### What is being asked
Transcribe exactly, and only, the lines running from the one with "Корм для собак" to the end of the entries below, both included, without any pictures.
----------------------------------------
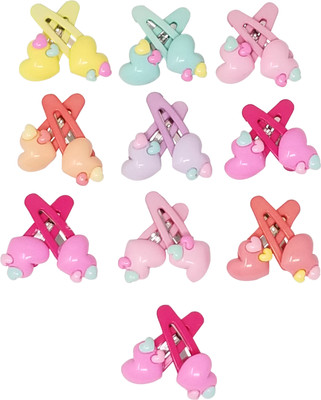 

Evolution Cute & Funky Hearts Multicolored Kids Snap Hair Clips, Small, For Kids / Girls Tic Tac Clip(Multicolor)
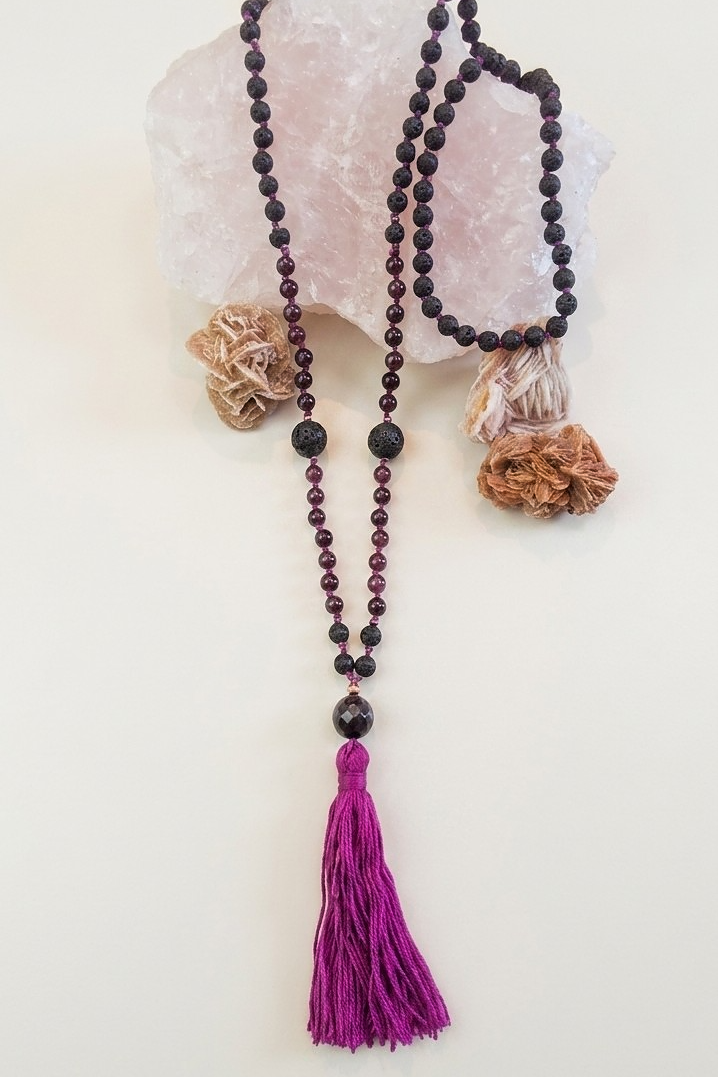 Mala per meditare in Pietra lavica, Lepidolite, Pietra Guru Lepidolite, rame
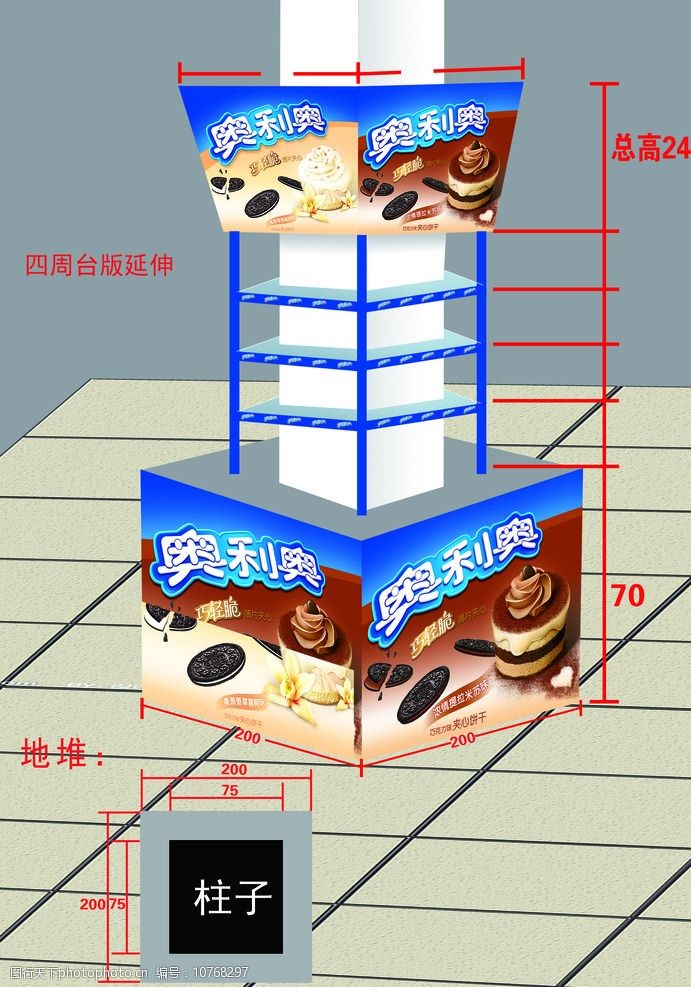 商场陈列包柱图片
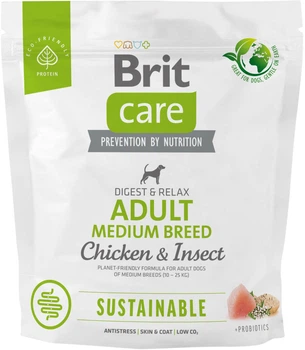 Корм для собак середніх порід Brit Care Dog Sustainable Adult Medium Breed з куркою та комахами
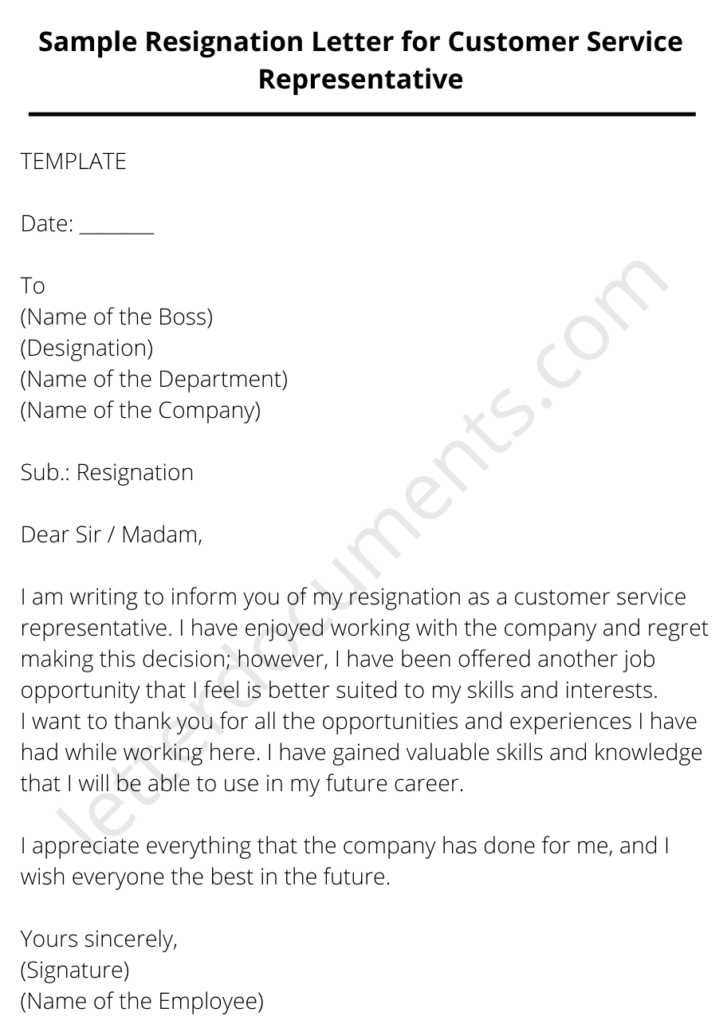 Sample Resignation Letter For Customer Service Representative 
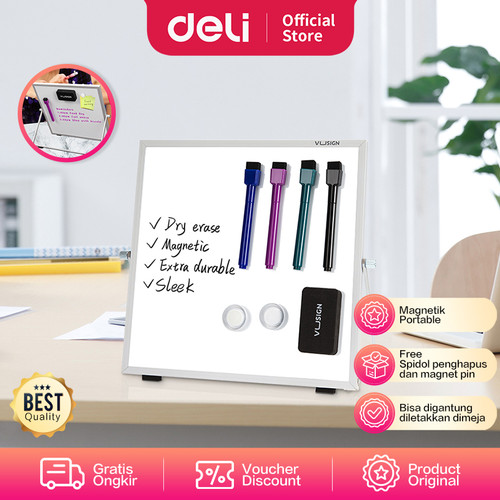 [EZO.7002073] Deli Vusign Whiteboard / Papan Tulis Magnet Dapat Gantung VS004A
----------------------------------------
### Exercise solution
 Корм для собак середніх порід Brit Care Dog Sustainable Adult Medium Breed з куркою та комахами
 Sample Resignation Letter For Customer Service Representative 
 [EZO.7002073] Deli Vusign Whiteboard / Papan Tulis Magnet Dapat Gantung VS004A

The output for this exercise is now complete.